|Department of Public Information • News and Media Division • New York|
At Peace Memorial Ceremony, Secretary-General Calls for Concrete Action
towards Ending ‘Historical Nightmare’ of Nuclear Weapons Age
Following is UN Secretary-General Ban Ki-moon’s message, delivered by Angela Kane, High Representative for Disarmament Affairs, to the Peace Memorial Ceremony, in Hiroshima, Japan, today:
I am honoured to send greetings to all participants in this year’s Peace Memorial Ceremony in Hiroshima.
The atrocious bombing we remember today had as its original target the Aioi Bridge not far from this ceremony, according to historians. In the years since, the citizens of Hiroshima and supporters around the world have created many new kinds of bridges — of trust, friendship and understanding.

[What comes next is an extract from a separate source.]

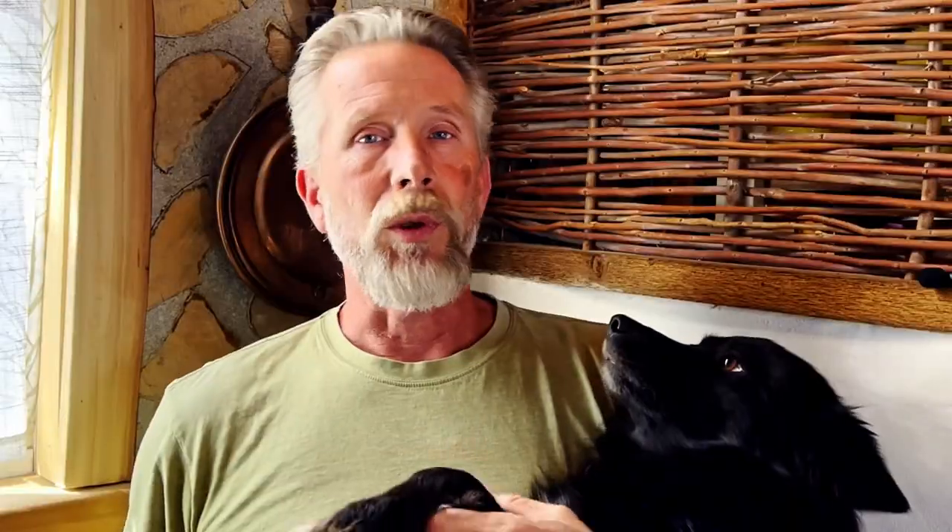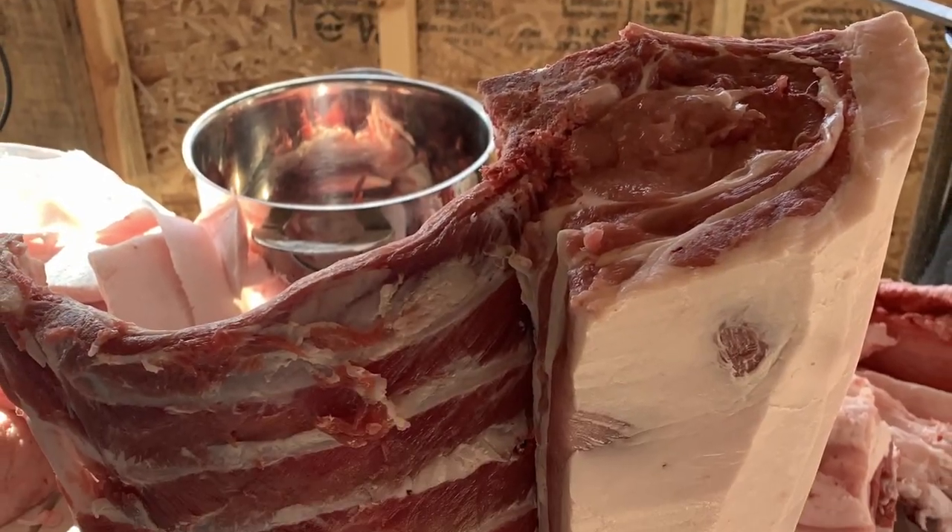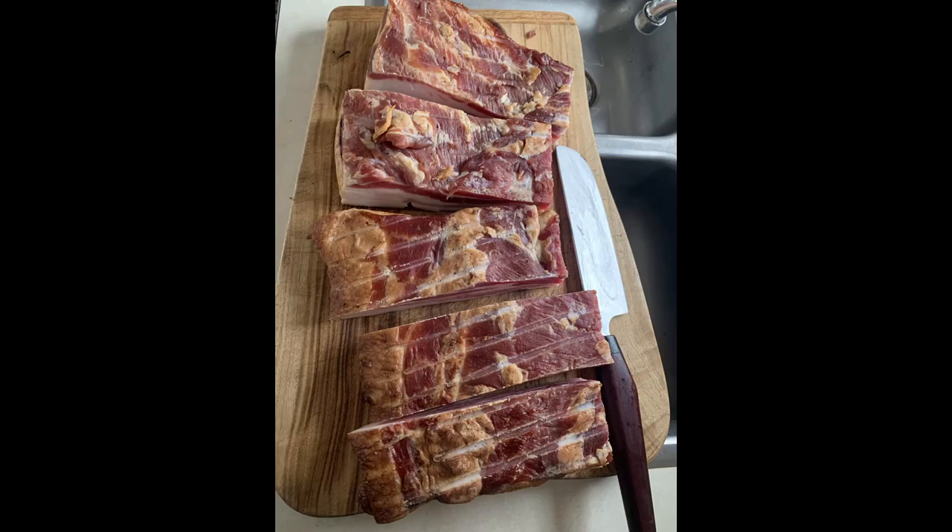Buy sides of meat. Go in with your neighbors on an entire cow, or just get a half pig for yourself. You may be familiar with how to cook pork chops and pork tenderloin and things like that, but learning how to deal with the cuts that aren't as common will definitely put you in good shape when you harvest your own animals — knowing what to do with hocks and bellies and things like that.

This solemn commemoration connects memories of a tragic past with the vision of a future free of nuclear weapons. I am especially grateful to the hibakusha for forging links with the new generations who can carry forward the commitment to pursue nuclear disarmament until it is finally achieved. The United Nations is actively pursuing this goal.
Hiroshima’s many messages of peace and hope have educated the world about the devastating humanitarian consequences of nuclear weapons, inspiring a global campaign focused on the unacceptability of using these arms under international humanitarian and human rights law. The hibakusha have been the face of that effort. Their testimonies have deeply touched me and countless other people.
One of the great ironies of modern science is that humans are searching for life on other planets while retaining and modernizing weapons of mass destruction that, if used, can destroy all life on planet Earth. We must address this failing and counter the militarism that breeds the pursuit of such weaponry.
The people of Hiroshima have a direct bridge to the United Nations, where nuclear disarmament remains one of our most important goals. The United Nations is an indispensable arena where Member States and civil society can work together to advance our vision of a world free of nuclear weapons.
Let us press for immediate and concrete progress so that the hibakusha and the world can witness the final destruction of the last nuclear weapon as we end the historical nightmare known as the age of nuclear weapons — and welcome the dawning of a new era of hope, peace, and prosperity for all.